[thelist] turn the cursor into an arrow on an <area> with an href

James Aylard webmaster at equilon-mrc.com
Mon Jul 23 13:12:02 CDT 2001


Sam-I-Am,

> I just did a test and I'm also stumped. { cursor: default } works fine
> for a regular (a) link, but not for an area.

    Unfortunately, IE doesn't support the CSS cursor property on the <area>
element. Your best alternative would be to slice your image map and use
standard anchor elements.
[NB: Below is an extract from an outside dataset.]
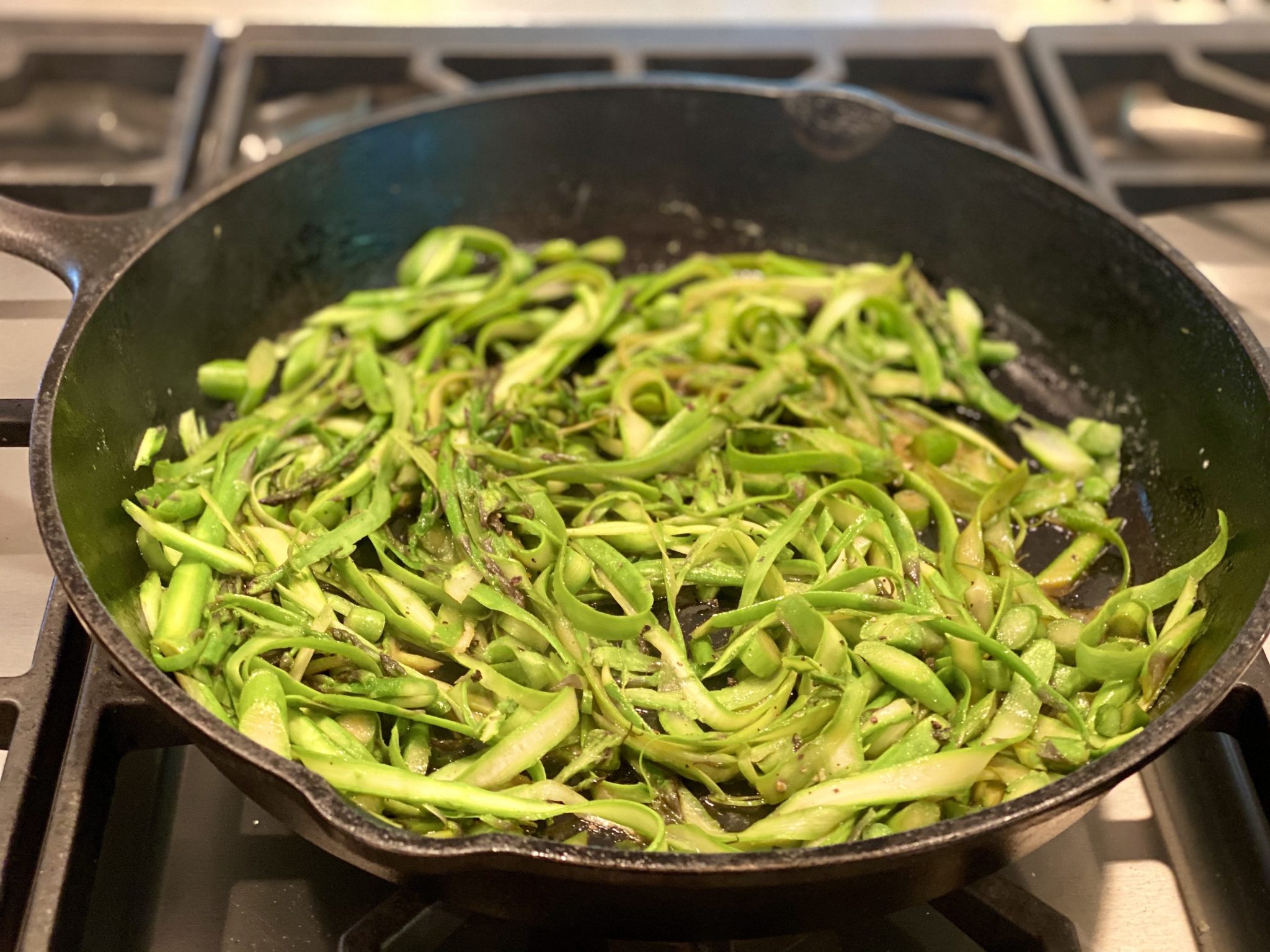 A clever method of cutting asparagus and a super simple sauce creates a memorable dish that, when served over rice, stands somewhere between comfort food and culinary bliss. The addition of shrimp, chicken or your favorite protein turns it into a complete meal!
If you can't do that, then you don't really have
many options.

> One thing to bear in mind about setting the cursor:
>  cursor: hand; /* works wonderfully in IE, not in NN6 */
>  cursor: pointer; /* works wonderfully in NN6, not in IE */
>
> does anyone know a workaround for this? I just can't seem to find a
> common ground for this one. (without browser sniffing and delivering 2
> stylesheets)

    Yes. The workaround is to put the cursor: pointer style declaration in a
second style element with a disabled attribute, e.g.:

<style type="text/css">
  <!--
    /* Both IE and Netscape will parse this */
    div { cursor: hand ; }
  -->
</style>
<style type="text/css" disabled="disabled">
  <!--
    /* IE will not parse this */
    div { cursor: pointer ; }
  -->
</style>

    Since the disabled attribute is Microsoft-proprietary, IE will ignore it
while Netscape will not. And since it follows the initial declaration, and
thus takes precedence, Netscape 6 will implement it.
    Of course, the disabled attribute won't validate. If you need it to
validate, you will have to use script to either disable the style element
or, probably more simply, to set the cursor attribute directly.
    IE 6 *does* support the cursor: pointer value, btw.